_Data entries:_

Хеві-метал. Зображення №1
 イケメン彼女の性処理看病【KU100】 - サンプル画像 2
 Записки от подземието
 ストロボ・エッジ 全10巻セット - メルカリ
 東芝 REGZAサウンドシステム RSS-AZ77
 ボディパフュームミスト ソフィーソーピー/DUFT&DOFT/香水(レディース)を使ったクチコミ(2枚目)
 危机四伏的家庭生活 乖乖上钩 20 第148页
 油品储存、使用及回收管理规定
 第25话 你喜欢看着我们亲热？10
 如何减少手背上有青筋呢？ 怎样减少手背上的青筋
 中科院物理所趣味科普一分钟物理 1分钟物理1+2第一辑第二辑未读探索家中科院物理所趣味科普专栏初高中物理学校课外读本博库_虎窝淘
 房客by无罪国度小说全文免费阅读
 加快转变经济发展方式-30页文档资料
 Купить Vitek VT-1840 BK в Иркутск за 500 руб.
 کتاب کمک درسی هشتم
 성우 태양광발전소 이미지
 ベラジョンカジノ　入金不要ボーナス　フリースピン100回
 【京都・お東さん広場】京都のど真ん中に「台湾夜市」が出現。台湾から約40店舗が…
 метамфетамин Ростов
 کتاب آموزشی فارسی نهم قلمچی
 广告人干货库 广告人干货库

_Aim of the task:_ Copy all lines from the entries that contain the word "کتاب".

_Answer for the task:_
 کتاب کمک درسی هشتم
 کتاب آموزشی فارسی نهم قلمچی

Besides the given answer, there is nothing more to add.